Muslims use the time to correct bad habits and improve their behavior, said Khaled, the president of the Muslim Student Association.

“Fasting allows us to focus on God by taking away the focus on physical needs,” Khaled said. “When you are in the state of fasting, in Islam it is an act of worshiping. You do it for no other reason than that you are commanded to.”

Khaled said he has more time during the day to study or pray.

“You don’t ever have to worry about what you are going to eat,” Khaled said. “You don’t have to worry about how long the line is at Chipotle.”

Ramadan begins at first sight of the crescent moon.

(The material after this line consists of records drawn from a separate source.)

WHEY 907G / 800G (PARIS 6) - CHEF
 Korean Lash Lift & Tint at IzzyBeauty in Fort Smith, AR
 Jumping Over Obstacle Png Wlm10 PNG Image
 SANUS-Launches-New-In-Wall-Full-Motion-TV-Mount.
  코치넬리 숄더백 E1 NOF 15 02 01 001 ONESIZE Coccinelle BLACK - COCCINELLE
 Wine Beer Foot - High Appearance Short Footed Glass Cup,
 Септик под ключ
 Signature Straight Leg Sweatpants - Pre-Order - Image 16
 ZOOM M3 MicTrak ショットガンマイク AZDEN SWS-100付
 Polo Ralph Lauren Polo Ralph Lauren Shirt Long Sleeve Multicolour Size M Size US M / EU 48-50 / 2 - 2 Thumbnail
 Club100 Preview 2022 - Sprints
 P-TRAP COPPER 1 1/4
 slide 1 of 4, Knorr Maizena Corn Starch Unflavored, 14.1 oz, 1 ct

The observance is determined by religious leaders and varies in different locations of the world, Farah said.

Sometimes it falls during finals week or in the summertime.

“Fasting can get exhausting during finals week, but we would view that as part of the purpose of Ramadan,” Khaled said. “Fasting includes not drinking water and you’re not suppose to chew gum or smoke.”

No able-bodied Muslim is excused from fasting, Khaled said.

“If you are sick or traveling then you are excused from fasting,” Khaled said. “You have to make it up through charity.”

Farah said pregnant or nursing women and the elderly could also be excused.

The fast is broken at sundown when families and friends sit down to eat a meal and pray together.

Traditionally, Muslims pray five times per day.

A special prayer, the Taraweeh, is not required but is often spoken during Ramadan as an offering. The prayer can last hours, Khaled said.

During the last 10 days of Ramadan, Muslims celebrate the Night of Power with extra prayer to recognize when Muhammad received the first line of the Quran.

Farah said the United States should stop attacking Afghanistan during Ramadan if it has any respect for the Islamic world.

“We don’t think along the same lines. We think that this is a military operation and we aren’t going to give up for any reason,” Farah said.

He also said not ceasing operations in observance would further tarnish the poor image many already have of the United States.

Killing Osama bin Laden would be a mistake because he would be considered a martyr and his following would increase, Farah said.

“If he dies, he will become a saint to his followers,” Farah said. “So the best thing to do, if we can avoid it, is not to kill him.”

Khaled said bin Laden is a blurred Robin Hood figure for Afghanistans.

The impact on refugees would be devastating because they are already starving and would be without food even though the Northern Alliance has gained some control, he said.

Pakistani President Pervez Musharraf objects to the strikes and last week visited officials in Paris and London imploring them to halt the military operation.

Prime Minister Tony Blair said the operations should continue until all objectives are met.

Defense officials said Wednesday because the Taliban is collapsing, a new military plan would limit the use of bombs with the beginning of Ramadan.

However Victoria Clarke, spokeswoman for Defense Secretary Donald Rumsfeld, said Thursday that the bombing will not stop.